● Task details
Set down, word for word, the line with "Blenva Bloomi cùng với logo Oichin" and the lines after it through the final line of the data below, without pictures.

(Records from a data collection)
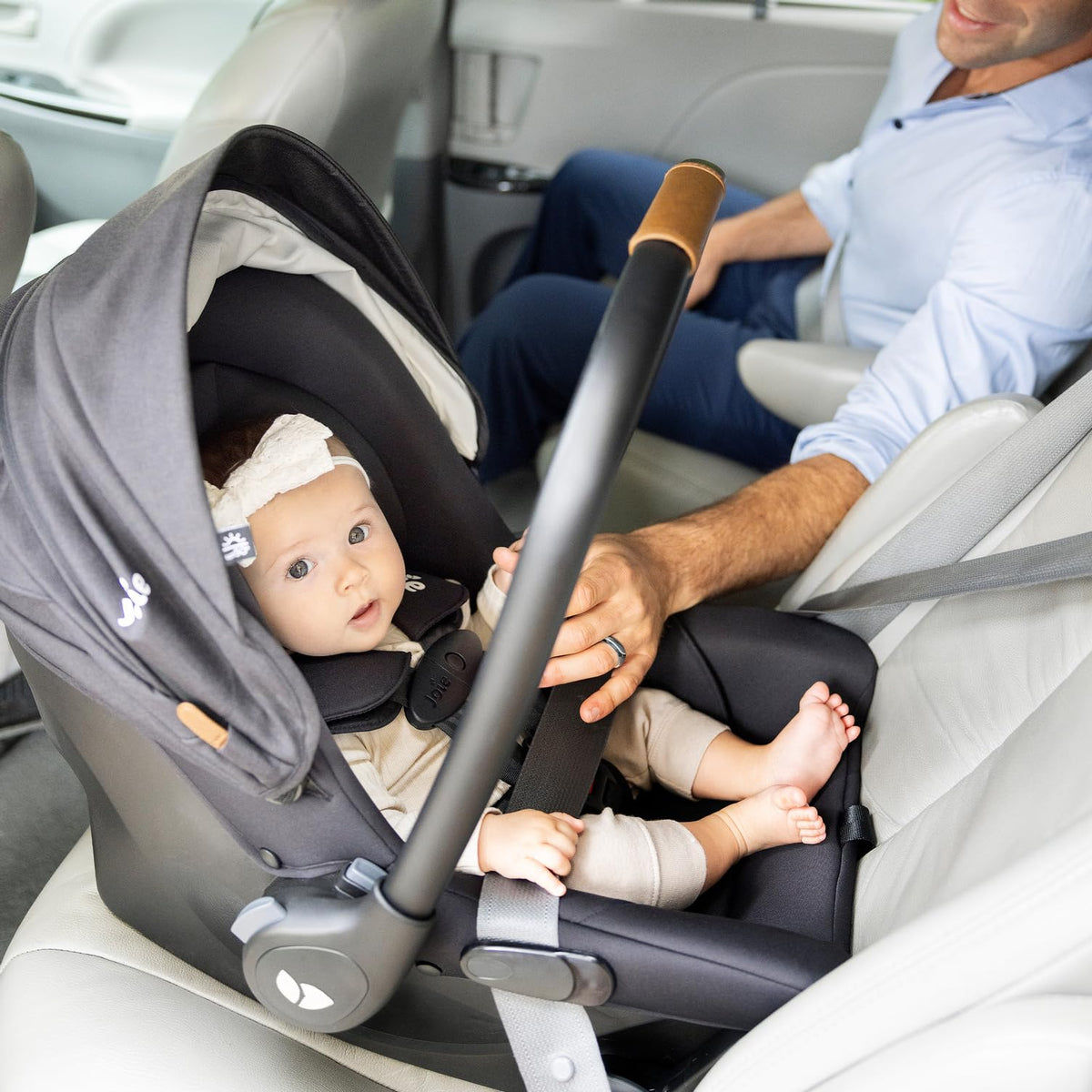 Car Seat and Base D259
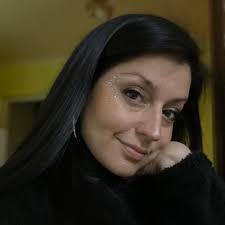 Kari Kahn 🇨🇱 (@karitadk)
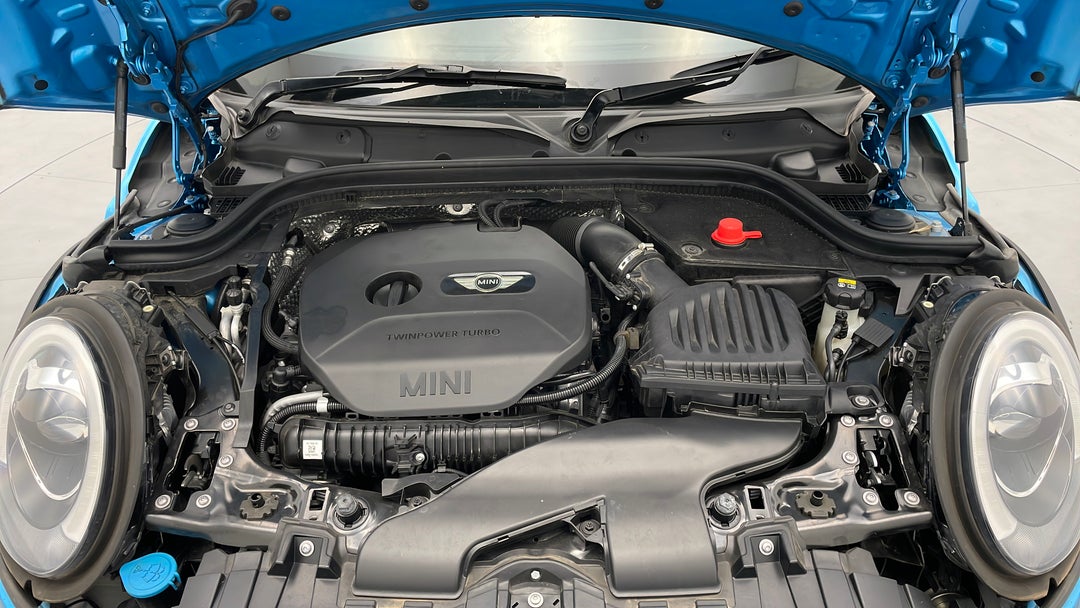 Open Bonnet (Engine)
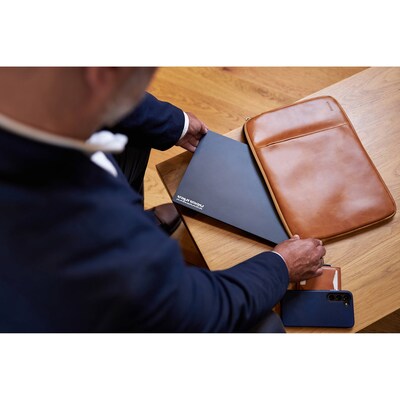 espresso Pro 15.6" 4K LCD 60Hz Portable Monitor, Built-In Speaker, Height Adjustable, Black (900-00030)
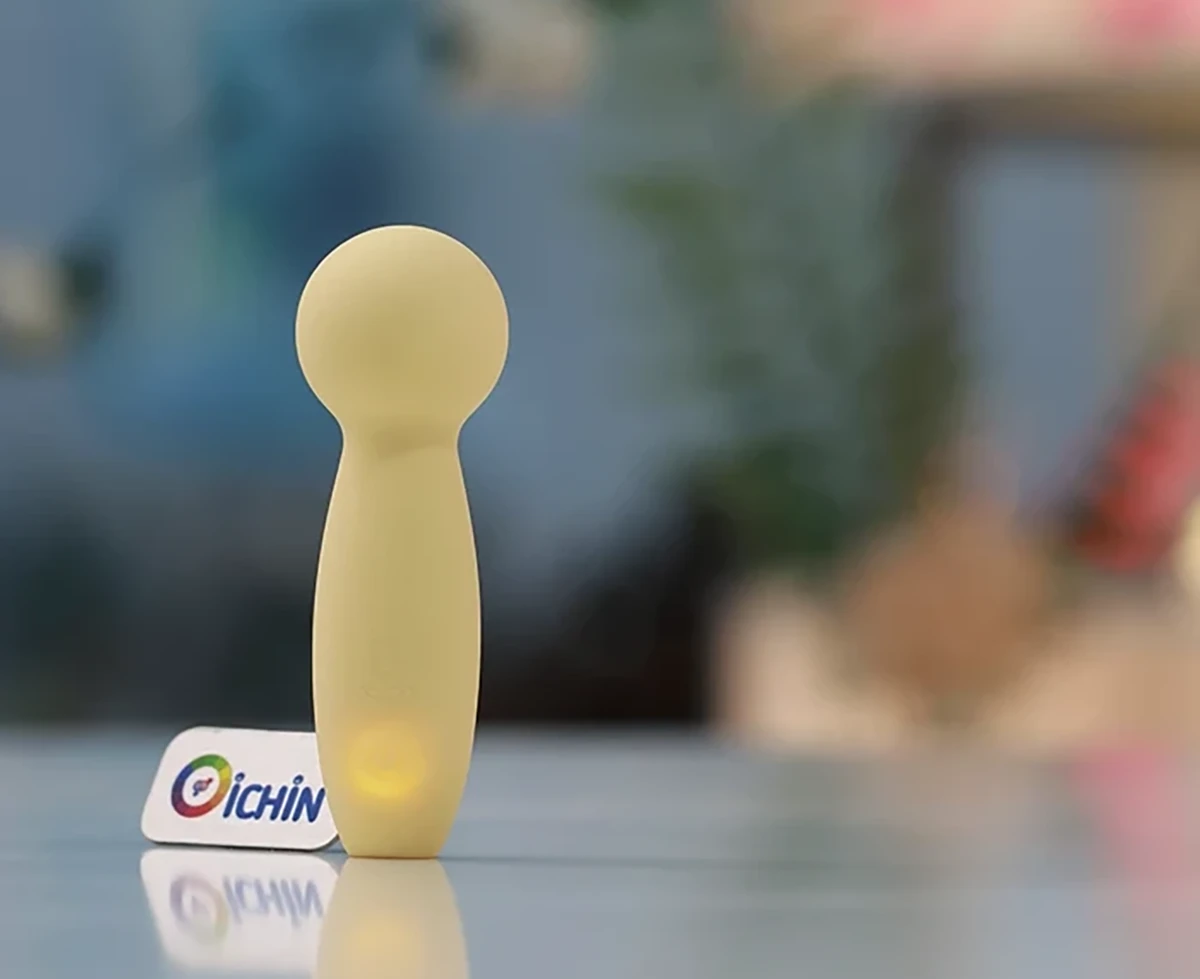 Blenva Bloomi cùng với logo Oichin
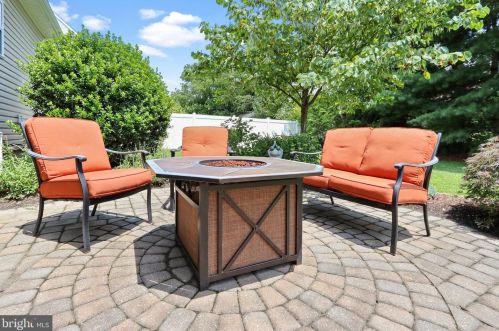 233 Beech Ln, Swedesboro NJ  08085-4033 exterior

● Task solution
 Blenva Bloomi cùng với logo Oichin
 233 Beech Ln, Swedesboro NJ  08085-4033 exterior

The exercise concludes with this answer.